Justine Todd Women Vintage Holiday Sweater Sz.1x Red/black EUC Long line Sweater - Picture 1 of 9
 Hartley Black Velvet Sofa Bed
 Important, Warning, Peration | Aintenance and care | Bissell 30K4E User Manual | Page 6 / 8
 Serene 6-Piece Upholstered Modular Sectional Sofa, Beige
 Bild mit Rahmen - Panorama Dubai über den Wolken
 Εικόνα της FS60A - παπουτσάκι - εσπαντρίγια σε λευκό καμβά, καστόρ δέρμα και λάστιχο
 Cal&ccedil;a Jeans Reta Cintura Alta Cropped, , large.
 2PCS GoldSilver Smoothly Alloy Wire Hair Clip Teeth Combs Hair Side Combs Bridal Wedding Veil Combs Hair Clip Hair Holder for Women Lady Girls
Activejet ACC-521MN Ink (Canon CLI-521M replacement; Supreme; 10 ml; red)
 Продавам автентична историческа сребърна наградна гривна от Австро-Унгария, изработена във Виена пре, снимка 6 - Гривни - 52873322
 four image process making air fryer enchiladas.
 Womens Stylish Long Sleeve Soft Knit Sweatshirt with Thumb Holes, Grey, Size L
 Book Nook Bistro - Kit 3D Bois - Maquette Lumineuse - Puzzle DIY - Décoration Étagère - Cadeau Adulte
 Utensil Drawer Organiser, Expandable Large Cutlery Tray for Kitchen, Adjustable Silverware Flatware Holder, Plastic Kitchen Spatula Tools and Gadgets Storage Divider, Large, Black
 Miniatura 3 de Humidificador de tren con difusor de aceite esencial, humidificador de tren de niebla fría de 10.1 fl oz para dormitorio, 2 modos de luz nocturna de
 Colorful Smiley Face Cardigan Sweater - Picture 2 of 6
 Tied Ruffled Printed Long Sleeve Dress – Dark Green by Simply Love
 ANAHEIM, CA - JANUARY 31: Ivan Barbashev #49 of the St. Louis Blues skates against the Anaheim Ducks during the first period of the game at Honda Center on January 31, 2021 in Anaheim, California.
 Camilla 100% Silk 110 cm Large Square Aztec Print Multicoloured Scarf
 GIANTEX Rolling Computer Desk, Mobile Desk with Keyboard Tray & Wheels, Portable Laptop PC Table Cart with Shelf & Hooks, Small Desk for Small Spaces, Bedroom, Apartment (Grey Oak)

☆ ☆ ☆ ☆ ☆ ☆ ☆

:: INSTRUCTIONS TO FOLLOW ::
Return each line from the entries above that includes "Sweater".

:: COMPLETED TASK ::
Justine Todd Women Vintage Holiday Sweater Sz.1x Red/black EUC Long line Sweater - Picture 1 of 9
 Colorful Smiley Face Cardigan Sweater - Picture 2 of 6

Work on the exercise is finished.